PPATK Mengukur Indeks Persepsi Publik Anti-Pencucian Uang dan Pencegahan Pendanaan Terorisme

| 0

Ilustrasi rezim Anti-Pencucian Uang dan Pencegahan Pendanaan Terorisme di Indonesia

 

Pusat Pelaporan dan Analisis Transaksi Keuangan (PPATK) bersama PT Surveyor Indonesia melaksanakan Pengukuran Indeks Persepsi Publik (IPP) Tahun 2018 terhadap Tindak Pidana Pencucian Uang (TPPU) dan Tindak Pidana Pendanaan Terorisme (TPPT).

Menurut Ketua Kelompok Kehumasan PPATK M Natsir Kongah, tolak ukur tersebut digunakan untuk bahan penilaian capaian tahunan seluruh stakeholders yang ada serta untuk menentukan arah kebijakan yang paling tepat guna mencegah serta memberantas TPPU dan TPPT pada masa berikutnya.

“Penentuan ukuran sampel tersebut sebanyak 11.040 respondenn di 173 kabupaten/kota pada 34 provinsi di Indonesia. Sedangkan pemilihan desa/kelurahan proporsi ditentukan berdasarkan klasifikasi wilayah desa/kota per jumlah penduduk menurut jenis kelamin serta kelompok umum di 1.104 desa/kelurahan,” ucapnya.

Natsir kepada Tribunjateng.com, Senin (23/7/2018) mengutarakan, dari kegiatan tersebut, setidaknya ada 7 ukuran dan informasi yang ingin diperoleh dari hasil pelaksanaan IPP Tahun 2018.

“Pertama untuk mengetahui postur dan perkembangan tingkat pemahaman masyarakat masyarakat Indonesia mengenai TPPU dan TPPT pada periode survei 2018 ini.
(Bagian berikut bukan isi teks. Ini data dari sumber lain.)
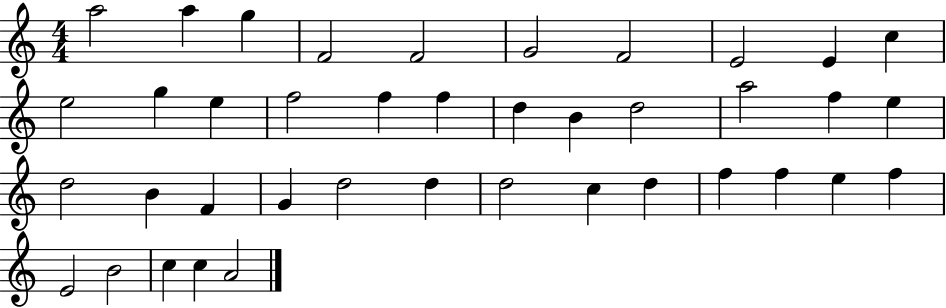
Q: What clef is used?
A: treble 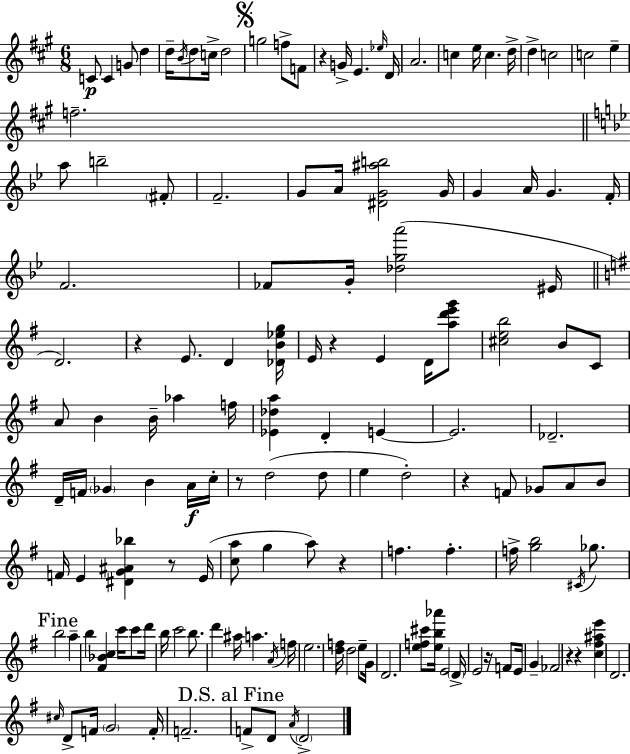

Lalu postur serta perkembangan tingkat kesadaran masyarakat terhadap perilaku terindikasi di lingkungan sekitar,” bebernya.

Ketiga, lanjutnya, untuk mengukur tingkat keefektivan kinerja stakeholder rezim anti pencucian uang dan pendanaan terorisme seperti Polri, Kejaksaan Agung (Kejagung), Komisi Pemberantasan Korupsi (KPK), Otoritas Jasa Keuangan (OJK), Bank Indonesia (BI), Badan Nasional Narkotika (BNN), hinggga lembaga lainnya selama 2017-2018.

“Dari penilaian yang disampaikan masyarakat tersebut, kami jadikan feedback kepada stakeholders dalam meningkatkan efektivitas upaya pencegahan serta pemberantasa TPPU maupun TPPT dalam berbagai bentuk program intervensi. Tujuannya agar mereduksi peluang atau risiko di kedua hal tersebut,” ucapnya.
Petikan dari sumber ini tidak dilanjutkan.